Honestly, I couldn't care less about your hobbies, lifestyles, and choices as long as you're not harming yourself or others. I've never personally met anyone in the "fandom" but I do follow a fursuit blog that posts bad fursuits because I really enjoy looking at bad art. I digress though, from what I've seen on that blog, the fandom is insane and full of selfish, strange, and rude people.
Naturally, not everyone in the fandom is like that but a good majority for sure.


----------



## Darrling (Nov 9, 2015)

taesaek said:


> I WAS WAITING FOR THIS PHOTO TO SHOW UP I LOVE YOU.



was honestly surprised it hadn't shown up sooner lmao​


----------



## Murray (Nov 10, 2015)

Posting your opinions is great and all, but at least attempt to show some respect please (aka no trolling).


----------



## tae (Nov 10, 2015)

Darrling said:


> was honestly surprised it hadn't shown up sooner lmao​



it was only a matter of time.

------- ~

like don't get me wrong, the hybrid thing is kinda cool. the whole neko, fox, thing that's cool whatever.
but like i don't know. i find anthro's appealing visually, but not people in fursuits, that's too much for me. i don't mind other's hobbies but it makes me uncomfortable when i'm bombarded in public stores or food joints by people in half fur suits or more asking me if i know what furries are and all that razz. i had a group of like 5 furries actively try to get me to join their little park meet ups and for reasons i don't know. *shivers*


----------



## Darrling (Nov 10, 2015)

taesaek said:


> it was only a matter of time.
> 
> ------- ~
> 
> ...



LOL ew, that's disgusting.

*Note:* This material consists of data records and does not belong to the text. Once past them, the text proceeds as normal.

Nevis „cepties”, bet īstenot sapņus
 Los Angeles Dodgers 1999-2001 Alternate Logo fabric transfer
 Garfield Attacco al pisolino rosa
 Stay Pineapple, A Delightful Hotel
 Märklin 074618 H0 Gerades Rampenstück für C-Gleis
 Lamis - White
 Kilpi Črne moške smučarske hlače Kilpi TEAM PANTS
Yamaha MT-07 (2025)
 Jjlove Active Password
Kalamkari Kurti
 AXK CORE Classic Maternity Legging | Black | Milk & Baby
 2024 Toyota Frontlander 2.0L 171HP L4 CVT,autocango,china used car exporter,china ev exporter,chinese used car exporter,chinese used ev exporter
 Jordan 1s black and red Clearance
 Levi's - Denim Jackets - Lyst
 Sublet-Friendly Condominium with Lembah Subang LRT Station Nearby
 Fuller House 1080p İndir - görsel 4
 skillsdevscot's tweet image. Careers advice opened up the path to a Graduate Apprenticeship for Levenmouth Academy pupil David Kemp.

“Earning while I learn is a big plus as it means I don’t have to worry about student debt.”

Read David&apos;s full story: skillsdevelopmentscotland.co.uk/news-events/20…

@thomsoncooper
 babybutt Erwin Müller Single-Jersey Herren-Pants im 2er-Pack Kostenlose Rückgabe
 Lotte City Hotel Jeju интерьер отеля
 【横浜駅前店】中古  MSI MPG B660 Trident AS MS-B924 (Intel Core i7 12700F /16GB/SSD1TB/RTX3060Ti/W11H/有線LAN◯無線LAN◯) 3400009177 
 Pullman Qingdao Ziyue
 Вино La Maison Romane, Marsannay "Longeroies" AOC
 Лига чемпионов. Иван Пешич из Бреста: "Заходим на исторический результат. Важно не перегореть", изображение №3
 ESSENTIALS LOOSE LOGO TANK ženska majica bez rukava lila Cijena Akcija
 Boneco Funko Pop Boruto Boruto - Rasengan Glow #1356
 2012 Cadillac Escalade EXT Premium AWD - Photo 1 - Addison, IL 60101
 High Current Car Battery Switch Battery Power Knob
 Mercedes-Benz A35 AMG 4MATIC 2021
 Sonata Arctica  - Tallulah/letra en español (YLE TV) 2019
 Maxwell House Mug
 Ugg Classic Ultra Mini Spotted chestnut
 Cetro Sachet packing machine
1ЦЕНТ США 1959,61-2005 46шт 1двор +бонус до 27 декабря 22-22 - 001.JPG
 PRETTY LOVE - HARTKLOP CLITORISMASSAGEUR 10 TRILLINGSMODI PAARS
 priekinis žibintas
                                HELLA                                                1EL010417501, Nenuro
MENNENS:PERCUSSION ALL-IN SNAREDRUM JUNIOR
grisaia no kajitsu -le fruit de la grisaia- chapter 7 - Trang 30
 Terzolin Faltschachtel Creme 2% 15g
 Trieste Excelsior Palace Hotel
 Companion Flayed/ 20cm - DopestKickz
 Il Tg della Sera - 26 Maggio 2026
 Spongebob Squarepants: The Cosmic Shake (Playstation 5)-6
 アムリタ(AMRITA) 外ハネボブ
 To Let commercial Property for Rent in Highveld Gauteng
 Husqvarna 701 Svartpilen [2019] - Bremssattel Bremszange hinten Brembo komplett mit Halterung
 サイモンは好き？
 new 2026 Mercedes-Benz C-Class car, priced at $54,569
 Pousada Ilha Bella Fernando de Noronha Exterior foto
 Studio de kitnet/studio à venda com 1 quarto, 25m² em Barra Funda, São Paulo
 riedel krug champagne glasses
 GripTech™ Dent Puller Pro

Like they actually approach you? Aren't they supposed to be human-fearing, feral neck-beards in sweaty fursuits? Since when did they socialize? lmao, nah I'm harping on 'em too hard. But it's like so rare for me to see a fursuit being worn in public. It's probably where I live though. People here will give you weird looks if you're a girl with a pixie cut with unnatural hair color.  So can you only imagine the looks and crap talk a fursuit wearer would get? lol, jfc.
​


----------



## tae (Nov 10, 2015)

Darrling said:


> LOL ew, that's disgusting. Like they actually approach you? Aren't they supposed to be human-fearing, feral neck-beards in sweaty fursuits? Since when did they socialize? lmao, nah I'm harping on 'em too hard. But it's like so rare for me to see a fursuit being worn in public. It's probably where I live though. People here will give you weird looks if you're a girl with a pixie cut with unnatural hair color.  So can you only imagine the looks and crap talk a fursuit wearer would get? lol, jfc.
> ​




how i feel about it is the same as i feel about religions.
you have one? cool, celebrate it, keep me out of it though.
as soon as you try to drag me into or around it that's when we gonna have a problem mate. ahha.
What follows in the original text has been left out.